Ultra-diffuse Galaxy Analogues in the Subaru Hyper-Suprime Cam Wide-field Clusters
N. A. Makda, S. L. Blyth, R. E. Skelton
TL;DR
We study ultra-diffuse galaxy analogues (NUDGEs) in a large sample of clusters using Subaru HSC-SSP imaging to quantify their abundances and properties as a function of environment. A uniform detection, modeling, and completeness-corrected pipeline (SExtractor/Galfit with background annuli) yields 5057 NUDGEs in 51 clusters (0.08<z<0.15; M200 ≈ 0.95–8.34×10^14 M⊙). The NUDGE population shares properties with known UDGs (mean re ≈ 2.7 kpc; ⟨μe(g)⟩ ≈ 25.1 mag/arcsec^2; ⟨(g−r)0⟩ ≈ 0.60) and shows a shallow radial density profile, with red NUDGEs more centrally concentrated. The abundance scales with cluster mass as a power law, $N ∝ M_{200}^{0.78±0.28}$, and the size/density distributions are consistent with both internal (high-spin dwarfs) and external (tidal stripping in clusters) formation channels, including cored dark matter halos, underscoring the environmental role in UDG formation while leaving the dominant mechanism open to multiple pathways.
Abstract
We perform a systematic statistical study of ultra-diffuse galaxy analogues (NUDGEs) in a large sample of galaxy clusters to investigate their properties with respect to the host clusters. We used data from the Hyper Suprime-Cam Subaru Strategic Program wide field survey and find a total of 5057 NUDGEs exceeding the background counts in 51 out of 66 galaxy clusters. The clusters span the redshift range 0.08$\,<\,$z$\,<\,$0.15 and they have a mass range of $0.95\times10^{14}\,\text{M}_\odot - 8.34\times10^{14}\,\text{M}_\odot$. The properties of these NUDGEs are found to be similar to UDGs studied in previous works and reaffirm that they are an extension of a continuous galaxy distribution. The number of NUDGEs as a function of cluster halo mass for our sample follows the power law: $N\propto M_{200}^{0.78\pm\,0.28} $. This fit is consistent with previous UDG studies and, together with our NUDGE sizes distributions, matches well with the simulations of UDGs in cored dark matter haloes formed by tidal stripping.

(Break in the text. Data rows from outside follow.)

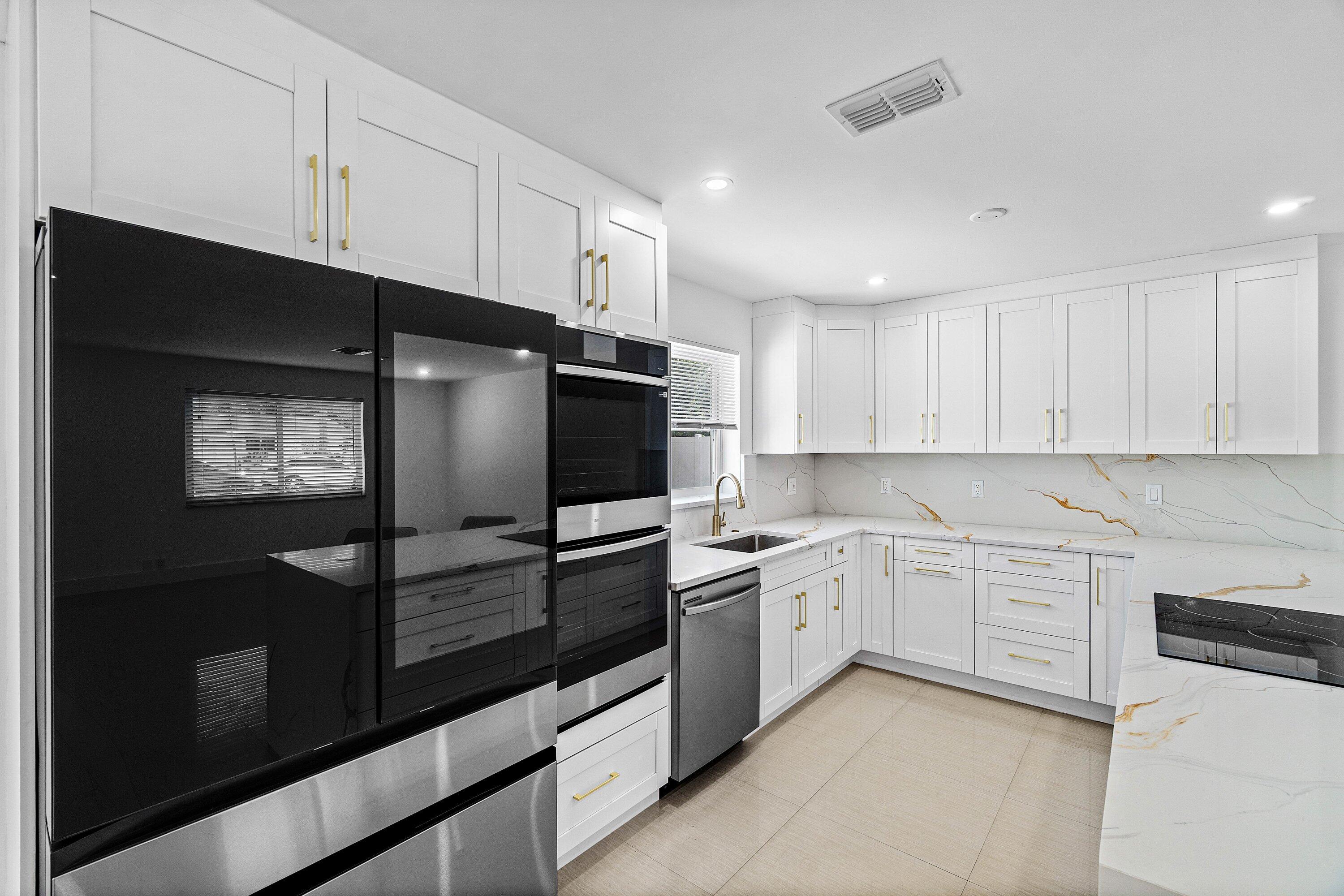 1531 Northwest 4th Street Boca Raton, FL 33486 - Photo 8 of 34 a kitchen with white cabinets and appliances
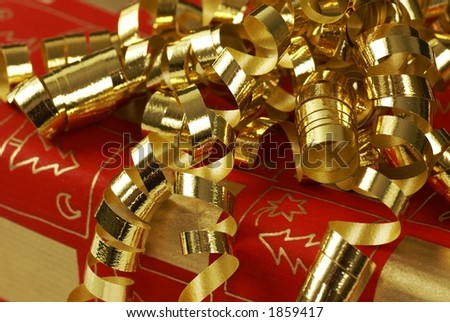 Close-up of christmas present with gold ribbon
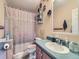 Bathroom with bathtub, shower, and vanity at 6195 E 83Rd Pl, Commerce City, CO 80022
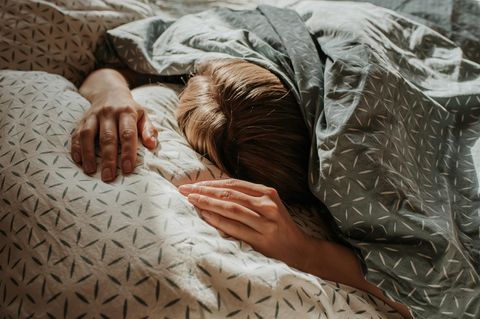 Eine Frau liegt im Bett unter ihrer Decke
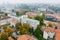 Beautiful foggy Vilnius city scene in autumn with orange and yellow foliage. Aerial early morning view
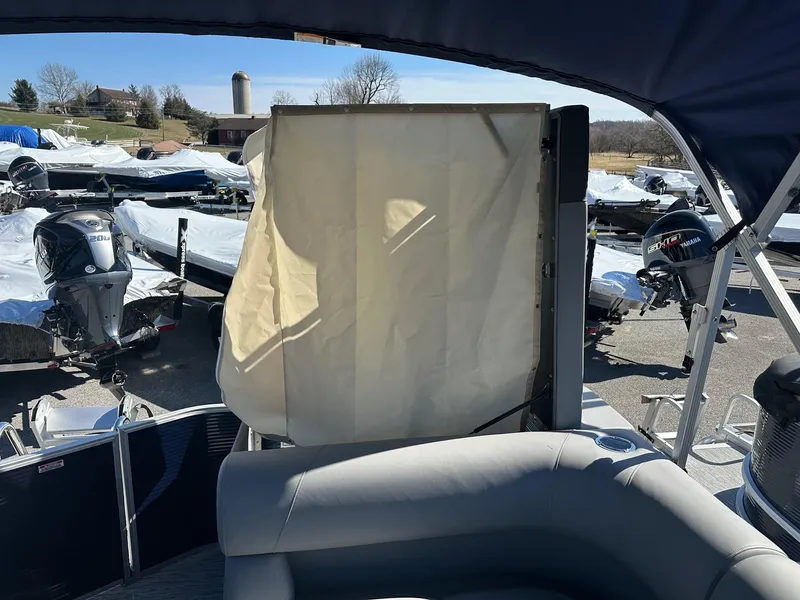 Slide: The Image of 2025 Bennington 20 SL Family boat with privacy room, parked outdoors. - 7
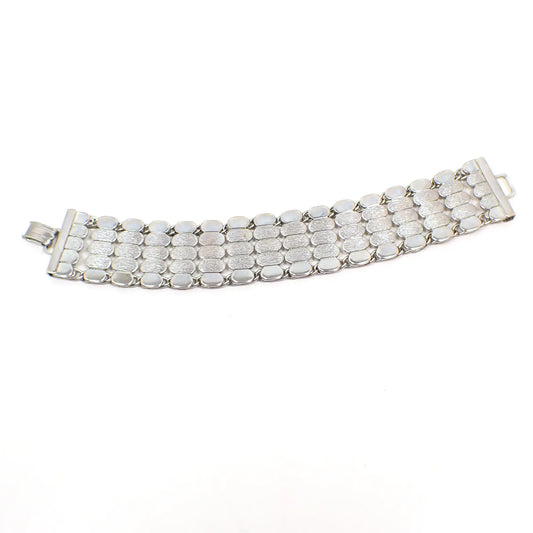 Top view of the wide Mid Century vintage link bracelet. The metal is silver tone in color. There are five rows of small oval links. The outer rows are shiny and the inner ones have a textured matte appearance. There is a snap lock clasp at the end.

The NUDGE density distribution with respect to clustercentric radius of our sample is flatter than previous UDG studies, although the red NUDGEs in this sample show a statistically significant decrease in density with respect to clustercentric radius, indicating that red UDGs may be more affected by their environment than blue UDGs.